The search for alien life may have been altered forever by an amazing new conclusion by researchers.
The only life forms in existence today are based off of carbon, but what if there was another material in the universe that could lead to alien life? Researchers say in a new paper published in the journal Science that silicon can be made to bond naturally with carbon, which could open the door for many possibilities, not just with regards to alien life but also for human engineering.
Silicon is an interesting material for scientists because it is abundant, and it is very good for “evolutionary tinkering,” said one scientist in a Nature report.
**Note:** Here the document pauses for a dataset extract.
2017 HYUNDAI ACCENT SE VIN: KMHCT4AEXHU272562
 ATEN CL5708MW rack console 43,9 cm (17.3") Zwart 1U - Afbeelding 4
But only carbon has been known to allow for life forms, and none of them also made use of silicon. Only scientists, not Nature, have ever bonded the two.
Scientists used a method called directed evolution to mutate an enzyme to create a bonding reaction between the two materials. It’s not a new idea, but this is the first time chemists have used this particular method. Silicon can form long chains of molecules, making it a potential building block for life.
It’s an exciting discovery that could lead to tremendous medical breakthroughs, and could perhaps even help us find alien life on other planets that isn’t carbon-based.
“We decided to get nature to do what only chemists could do–only better,” says Frances Arnold, Caltech’s Dick and Barbara Dickinson Professor of Chemical Engineering, Bioengineering and Biochemistry, and principal investigator of the new research, published in the Nov. 24 issue of the journal Science.
“No living organism is known to put silicon-carbon bonds together, even though silicon is so abundant, all around us, in rocks and all over the beach,” says Jennifer Kan, a postdoctoral scholar in Arnold’s lab and lead author of the new study.